Major benefits of our two-burner Improved Cook Stove:
- it’s affordable by rural communities (it costs 12,000 RWF (12 EUR) and lasts long),
- reduces emissions (about 3.22 tones CO2 equivalent emission reductions per household and per annum, thereby mitigating against Climate Change),
- saves money and forests (uses only 30% of firewood/charcoal compared to ordinary stoves),
- saves time (cook fast - more efficiently by 29.4%, users save also time for collecting firewood),
- diminishes respiratory and eye diseases (due to reduced smoke exposure).
Improvement in project cycle: We have greatly optimized the project cycle from fabrication of burners, distribution of stove parts to different locations, training for community members on installation and maintenance of the stoves, monitoring & evaluation up to reporting.
Good organizational structure: The RDIS organizational structure with a secretarial headquarter in Muhanga and five(5) zonal field facilitators and more that twenty(20) enumerators and installers at community level has proved to be a very efficient way for carrying out such a complex carbon project. For this we have also to be thankful to the steady and good leadership of the organization by the four church leaders of the dioceses of the Anglican Church in Butare, Kigeme, Cyangugu and Shyogwe.
Improvements in production quality and speed: The potter company which is producing the burners for us has a capacity of producing high quality 950 burners per month. These burners are enough for the installation of cook stove in about 500 households. By using the best clay that is found on a field owned by Shyogwe diocese, the quality of the burners has improved a lot. Furthermore, our trained installers are able to install up to 5 stoves in a day and they take this job serious as it has become a reliable source of income.
We disseminated more than 2,100 improved cook stoves in the project pilot phase from 2014 to 2015. As of now, we have distributed further 3,744 improved cook stoves, whereby 1,872 stoves are installed already in poor households in the Southern and part of the Western provinces of Rwanda.

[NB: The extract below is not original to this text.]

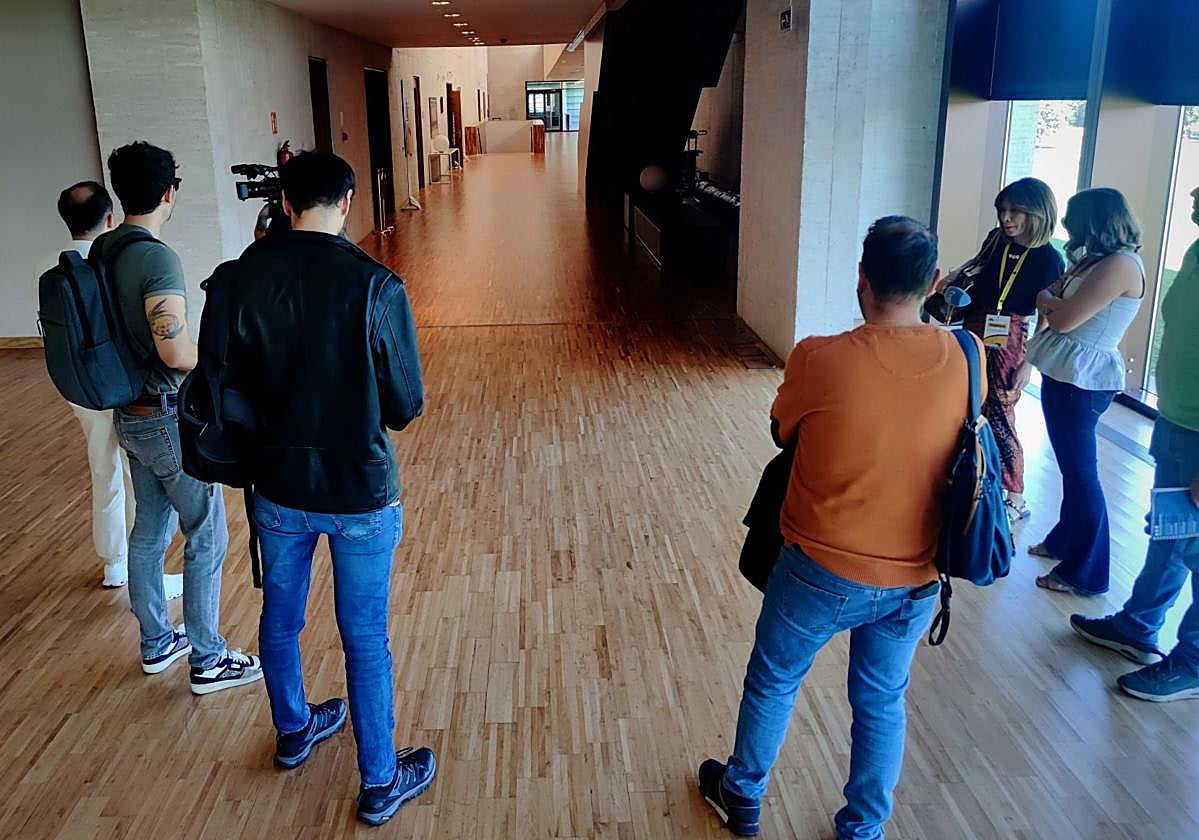 Los periodistas, antes de comenzar el último Pleno de las Cortes, en la zona de acceso al hemiciclo, ante el pasillo vacío.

Conclusion and challenges:
The demand for our stoves is high and we have not yet reached all areas in need of this intervention. So far, the distribution is going on very well and we hope to reach out to many poor households throughout the country as time goes on. However, our capacity is to distribute 6,000 stoves, although our CPA can accommodate up to 22,000 improved cook stoves. This number is indeed desired by CPA stakeholders so that "the project becomes financially viable and generates a significant volume of carbon credits”. But this is achievable only if we manage to secure enough funds to carry out this imperative work, either as loan or as payment for the burners, distribution and M&E costs.
RDIS organization in cooperation with a potter company is producing and distributing the stoves to end users. Community members are trained on how to install, maintain and repair the stoves. RDIS may also offer maintenance for free.